I published my book Planets & Passages, Tales of a Blacktop Gypsy late November 2018. My best friend, Mary Lawlor O’Hara, telephoned me on my birthday, as she always did, one week after publication. She wasn’t feeling well. In fact, she had just had a heart attack, not her first.
Rather than wait for my author copies to arrive, I bought one of my own books from Amazon and sent it to Mary priority mail. I’m so glad I did. Only days after reading and getting a big kick out of the book, in which she is often mentioned, Mary died.
Her older sister, Mickie, called to tell me that at Mary’s wake before the funeral mass, she read this story from Tales of a Blacktop Gypsy to family and friends:
Mary Lawlor lived a few blocks from our apartment in West Hollywood. Her father, Thomas, was the Beverly Hills postmaster. Mary was one of nine children, raised in a noisy Irish-Catholic family. In the hall by her front door hung framed pictures of the Pope, the Sacred Heart of Jesus, and John Fitzgerald Kennedy.
At Mary’s house the television was always on and there was delicious confusion; I loved all the activity. The house was small for so many people and everybody shared bedrooms. Mary told me the little house with one bathroom recently sold for $3 million.
Marian, Mary’s mom, worked hard to feed three over-sized boys and six girls who consumed three gallons of milk a day and countless loaves of bread. Is it any wonder she shouted all day long?
Mary and I did everything together. We walked to La Cienega Park to swim in the public pool for 25 cents, or we played tennis on the free courts. On the way home from the park, we would stop in Tiny Naylor’s restaurant for a hot fudge sundae.
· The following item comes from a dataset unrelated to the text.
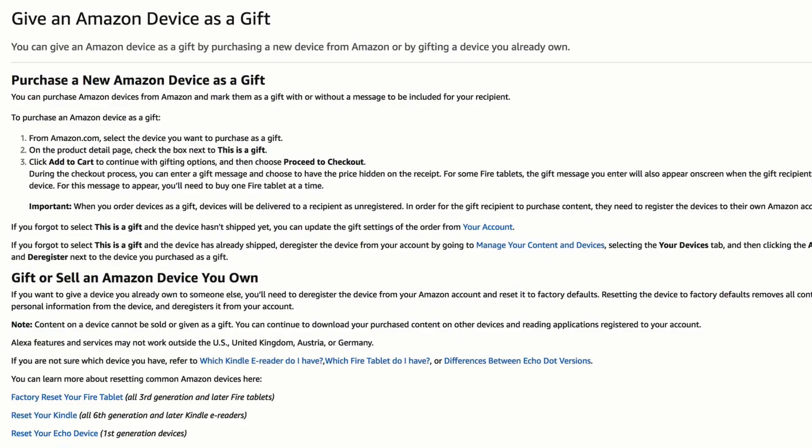And that is how you deregister and reset an Amazon Echo second generation so you can give it away to someone else. My name is Mike Murphy.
Mary always paid because I never had any money.
My parents liked Mary and allowed me to spend a lot of time at her house. I didn’t sleep over, there wasn’t enough room. Mary spent the night at my house and on Friday nights when Mom and Dad went to the movies, she kept me company while I babysat my brothers.
A loyal and true friend, when Mom and Dad wouldn’t let me go the all-night eighth-grade chaperoned party, Mary stayed home with me. Before we could drive, she and I would stroll down Restaurant Row just a block from her house and flirt with the cute guys who parked cars.
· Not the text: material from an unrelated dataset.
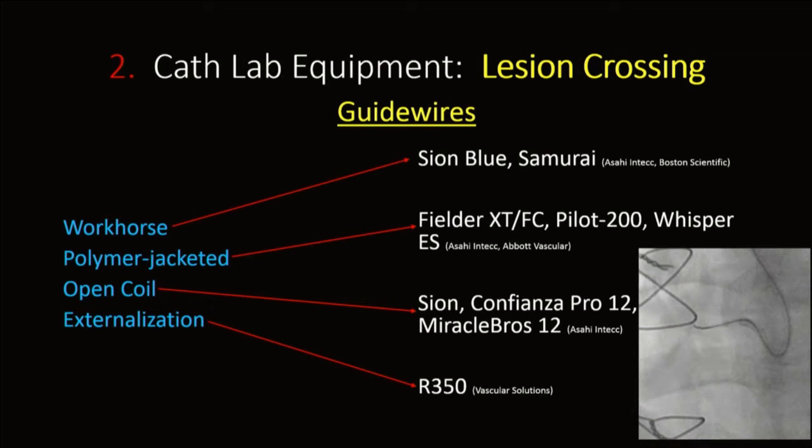In terms of guide wires, there are four major categories: workhorse wires, polymer-jacketed wires, open coil wires, and externalization wires. Workhorse wires I commonly use include Shion Blue and Samurai; polymer-jacketed with FC include Fielder XT, Pilot 200, and Whisper. In the open coil variety, the Shion wire is commonly used for retrograde approaches. The externalization wire I commonly use now is the R315.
We took the city bus to the Polar Palace to ice skate and to the Los Angeles County Museum on Wilshire Blvd. where we laughed at the modern art. “We could’ve painted that,” we said. The La Brea Tar Pits bubbled mysteriously in front of the museum and we threw things into the black ooze to watch them sink, sucked down with the dinosaur bones.
Mary got her driver’s license before I did and drove a late 40’s metallic blue Pontiac. She drove us to Notre Dame Academy our junior and senior years, and we would cruise Scot’s drive-in hamburger joint on Pico Blvd. Saturday nights. Mary was matron of honor when I was first married and liked to say, while she wasn’t at all my weddings, she was there for the first and the last. Beloved friend, I celebrate you.